Another way to make the probe sequence \(h(k,0),h(k,1),...,h(k,m-1)\) to be a permutation of \(\Set{0,1,...,m-1}\) is to require that

• ​ \(m\) is a prime number and

• ​ \(h_2(k)\) is a positive number less than \(m\).

For instance, for integer keys we could choose \(h'(k) = k \bmod m\) and \(h_2(k) = 1 + (k \bmod m')\) for some \(m'\) slightly less than \(m\).

Removing keys

Removing keys when using Chaining was straightforward. With open addressing, we must ensure that removing keys does not leave “holes” in the probe sequencies of other keys.

Example: Bad key removal

Suppose that \(h'(k) = k\) for integer-valued keys, \(m = 16\), and we use quadratic probing with the hash function \(h(k) = (h'(k) + \frac{i(i+1)}{2}) \bmod m\) to insert the keys \(3\), \(20\) and \(35\) in a hash table. The result is

If we now remove the key \(20\) by simply removing it from the table, the result is

But in this hash table the search operation does not find the key \(35\) anymore as it probes the slots \(3\) and \(4\) only, concluding that the key is not in the set when it sees the free slot at index \(4\).

One solution is to replace the remove key with some special “tombstone” key value “del” in the hash table. Search and removal consider these values to be “real keys” but insertion can overwrite them. If the table has too many such tombstones, one should probably “garbage collect” them by rehashing all the values in the same table so that search operations do not perform unnecessary work.

Example

Consider again the hash table of the previous example:

Remove the key \(20\) by putting the tombstone value in its place:

Now the search operation can work unmodified and finds the key \(35\) after probing the slots \(3\), \(4\) and \(6\).
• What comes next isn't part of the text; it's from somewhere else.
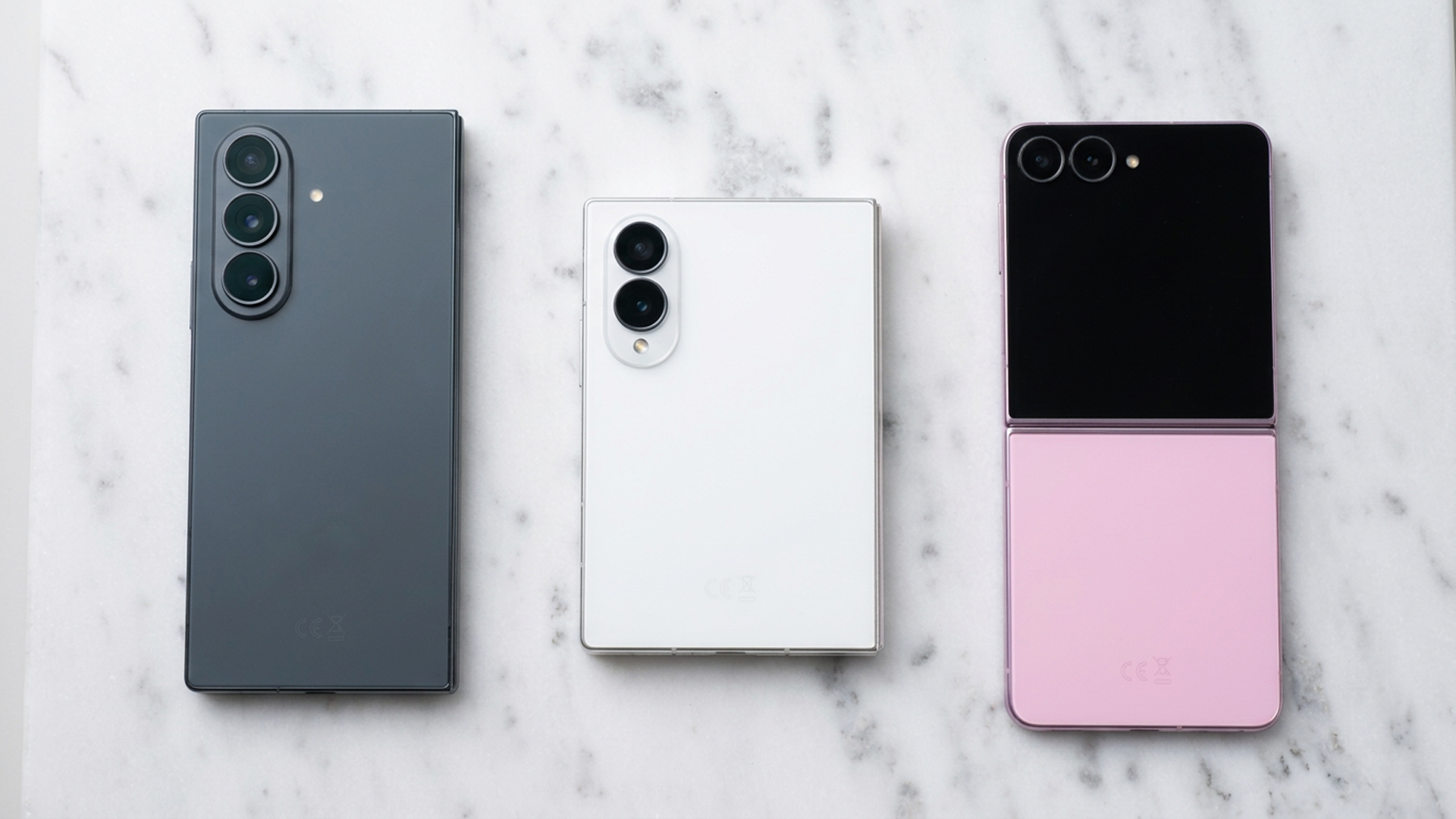 Samsung's 2026 foldable phones lineup on top of a marbled table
If we now insert the key \(19\), we probe the slots \(3\) and \(4\) and then insert the key in the slot \(4\).

Analysis

For the analysis, assume uniform hashing: the probe sequence of each key is equally likely to be any of the \(m!\) permutations of \(\Set{0,1,...,m-1}\). Of the probing methods presented, double hashing is closest to this requirement.

Theorem: 11.6 in Introduction to Algorithms (Aalto access)
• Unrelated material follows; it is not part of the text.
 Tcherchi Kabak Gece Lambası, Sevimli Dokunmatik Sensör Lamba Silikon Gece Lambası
Under the uniform hashing assumption, the expected number of probings done in the case of an unsuccesfull search is at most \(1/(1-\alpha)\).
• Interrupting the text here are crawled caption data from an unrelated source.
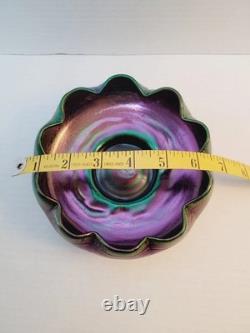 Antique Loetz Pallme Konig Purple Iridescent Bohemian Glass Threaded Vein Bowl Antique Loetz Pallme Konig Purple Iridescent Bohemian Glass Threaded Vein Bowl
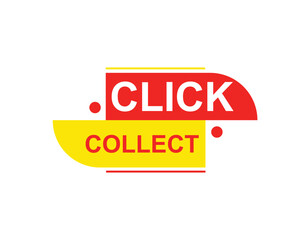 Click collect web Vector Illustration button label template text with colorful icon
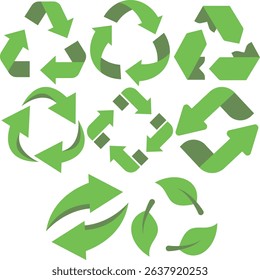 Recycle Icons Symbol is a clean and eco-friendly design theme featuring universal recycling symbols and green elements. 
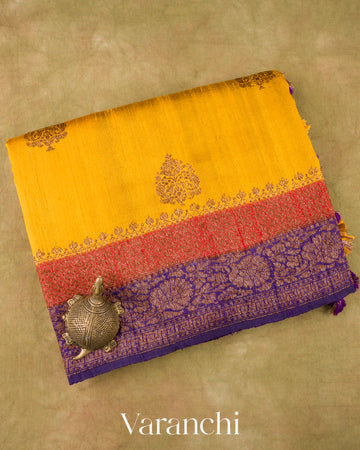 Turmeric Yellow Pure Raw Silk Handloom Saree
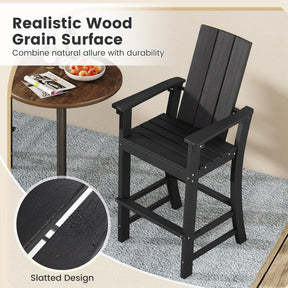 30 Inches Counter Height Bar Stool Outdoor HDPE Tall Adirondack Chair with Armrests and Footrest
Recall that the load factor \(\alpha\) is less than 1 in a non-full hash-table in open addressing and thus \(1/(1-\alpha) = 1 + \alpha + \alpha^2 + \alpha^3 + ...\). Informal intuitive explanation:

• ​ The summand \(1\) comes from the fact that at least one probe is done.

• ​ The first probed slot was occupied with probability \(\alpha\) and thus a second probe is done with probability \(\alpha\)

• ​ The first and second probed slot were both occupied with probability \(\alpha^2\) and thus a third probe is done with probability \(\alpha^2\)

• ​ An so on.

Therefore, if we keep the load factor below some constant, then the insertion, search, and removal take constant time on average. For instance, if we keep the load factor at or below \(0.5\), then the expected number of probes is at most \(2\). Note: the “del” values in the table are accounted to the load factor in this case! If removals are known to occurr often, then separate chaining is probably a better collision resolution approach.

Again, when an open addressing hash-table becomes too full, we perform rehashing: grow the size of the table and reinsert the keys to this new larger table. As in the case of Resizable arrays, the size of the hash table is usually approximately doubled. What is a good value of load factor for triggering rehashing? There is no single best answer but usually one uses something like 0.50 or 0.75 for open addressing.